Since 1957 the Kunsthaus Zurich has been in possession of a cast of the large-scale bronze sculpture ‘Sappho’ (1887/1925), a major work by the French sculptor Antoine Bourdelle (1861-1929). The work is in urgent need of restoration. The artist and the work are described below, followed by a detailed description of the sculpture’s current condition.

Alongside Auguste Rodin and Aristide Maillol, Antoine Bourdelle (1861–1929), originally from the southwest of France, formed the triumvirate of early modern French sculptors. Bourdelle was one of Rodin’s assistants and greatly influenced by him. Rodin once said about him: ‘How enchanting it is when I have the opportunity to visit his atelier … After the Greeks it is he who brings us the final nuances of beauty’.

Bourdelle found worldwide recognition in his lifetime. His output ranged from intimate, small-scale works to large public commissions in a variety of formats. His main focus was on depicting the animated and powerful human figure down to the smallest details. His works were often devoted to the mythological and the ‘artistic’, in a narrower sense. The latter applies to the three important bronzes in the Kunsthaus Zurich, which complement each other thematically: ‘Apollon (Masque)’, from 1900, a representation of the face of Apollo, the Greek god of music and poetry; ‘Beethoven’, from 1902, a bust of the famous composer; and ‘Sappho’ from 1887/1925.

This latter work is a monumental representation of the greatest female poet of antiquity, Sappho (late 7th to early 6th century BC). She is shown with a large lyre, crouching on a small rocky elevation. The whole figure is filled with tension; from the raised big toe of the right foot, to the right hand, which is held aloft. Even the folds of her dress seem to exemplify tension. Sappho has her head bowed. Her right hand, raised above her head, mirrors the form of the musical instrument. Perhaps the poet is deep in thought, counting the metre of a poem. Sappho’s main subject is love – and her admiration for the goddess of love Aphrodite who brings that love into people’s lives: ‘Shimmering-throned immortal Aphrodite’, she writes, ‘Daughter of Zeus, Enchantress / I implore thee / Spare me, O queen, this agony and anguish, Crush not my spirit / Whenever before thou hast hearkened to me …’

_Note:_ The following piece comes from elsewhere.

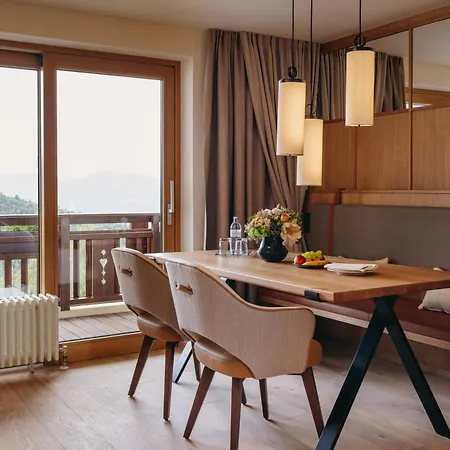 Interalpen-hotel Tyrol Hotell 5*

Bourdelle worked on his Sappho composition several times. He completed his first version, which was just 28 cm in height, in 1887. In 1924 he finished a 70-cm bronze sculpture, followed by the seven castings of the monumental bronze work that we are presenting here. The cast that belongs to the Kunsthaus was exhibited outdoors for several decades. As a result, its patina has suffered badly and the work is in urgent need of restoration. This has been scheduled for the second half of 2013. After the restoration work and the application of a suitable protective coating, the work could initially be put on display once again within the existing precincts of the Kunsthaus.

The Kunsthaus extension will eventually provide a prominent location for the sculpture in the ‘Art Garden’, which is a major feature of the project as designed by David Chipperfield Architects. It is hoped that the work will resume its place as a significant example of French sculpture (or sculpture created in France) between 1887 and 1966, for which the Kunsthaus is rightly famous. Alongside Bourdelle, the museum’s collection includes major works by Rodin, Maillol, Matisse, Brancusi and Alberto Giacometti. Matisse and Alberto Giacometti were students of Bourdelle at the Académie de la Grande-Chaumière where they studied from 1922 to 1927.